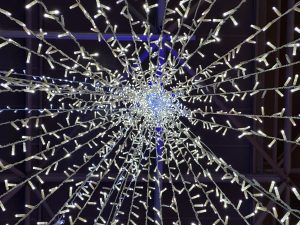 Christmas web’s spider
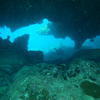 Picture taken during the dive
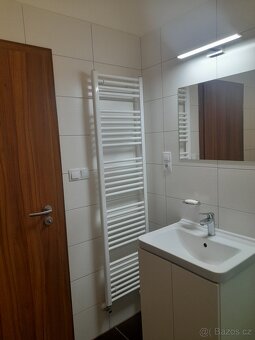 Pronájem bytu 1+kk (36m2) - 12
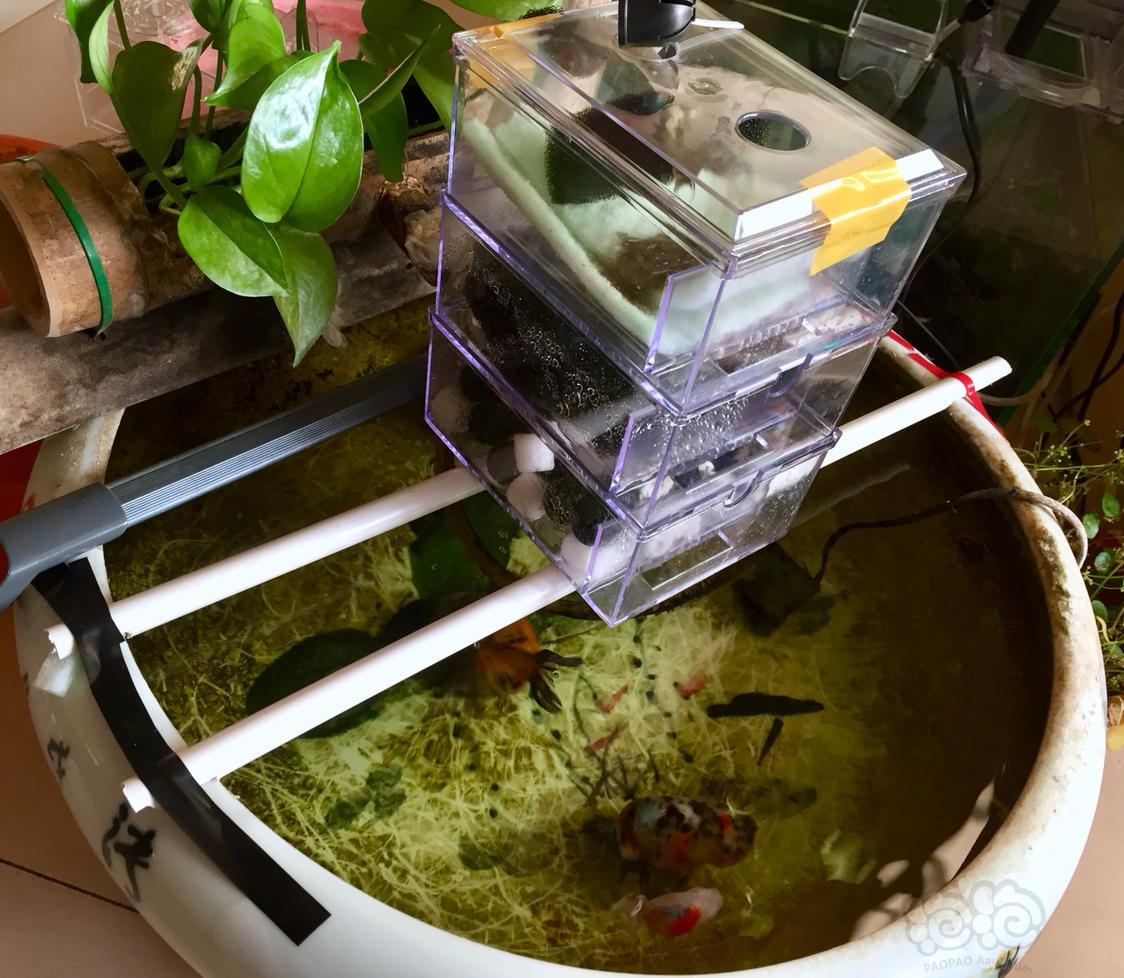 闲置物品给金鱼盆diy一个上滤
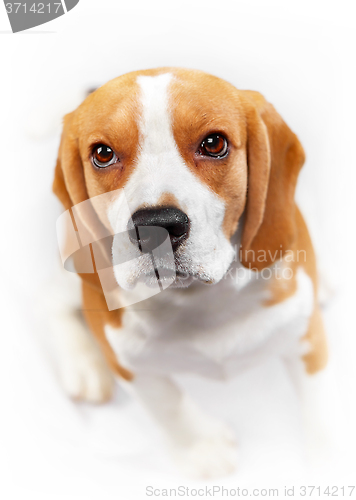 Image of portrait of young beagle dog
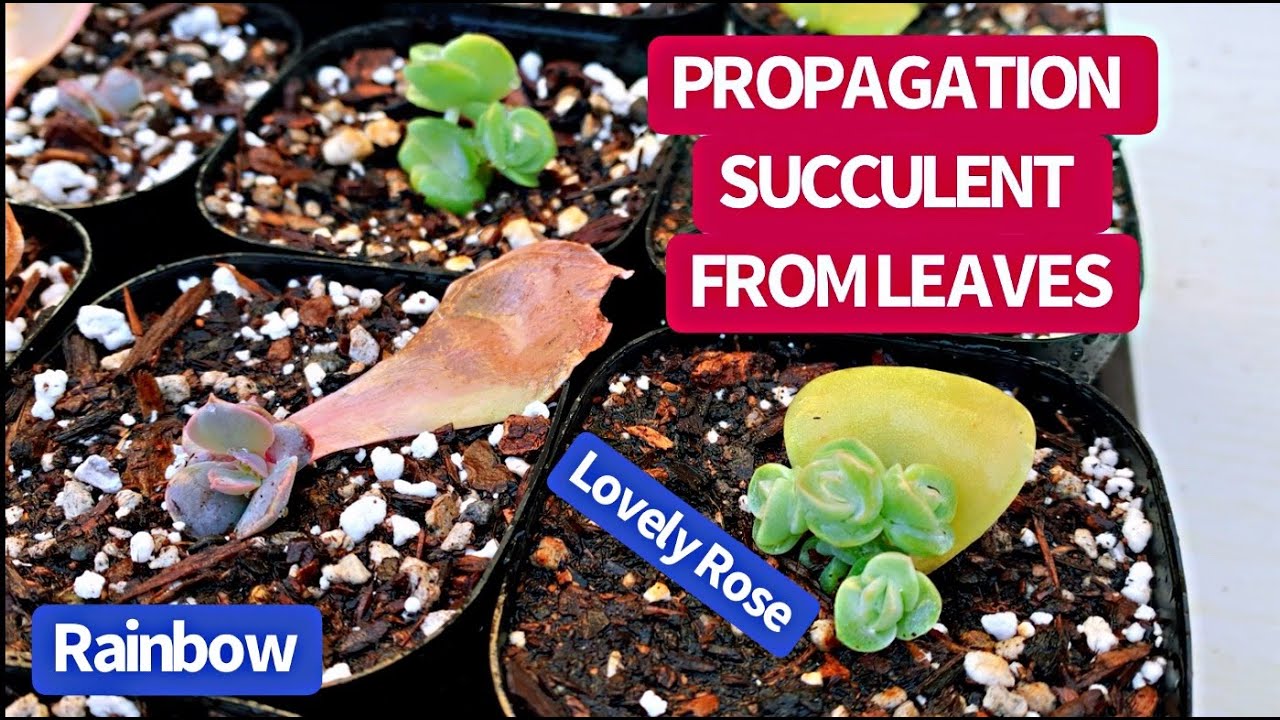 #347 PROPAGATION SUCCULENTS FROM LEAVES | NHÂN GIỐNG SEN ĐÁ BẰNG LÁ | Nhân giống Hoa Hồng Hà Lan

----

**ABOUT THIS TASK**.
Every line of the material must be returned exactly; leave the images out.

**SOLUTION**.
 Christmas web’s spider
 Picture taken during the dive
 Pronájem bytu 1+kk (36m2) - 12
 闲置物品给金鱼盆diy一个上滤
 Image of portrait of young beagle dog
 #347 PROPAGATION SUCCULENTS FROM LEAVES | NHÂN GIỐNG SEN ĐÁ BẰNG LÁ | Nhân giống Hoa Hồng Hà Lan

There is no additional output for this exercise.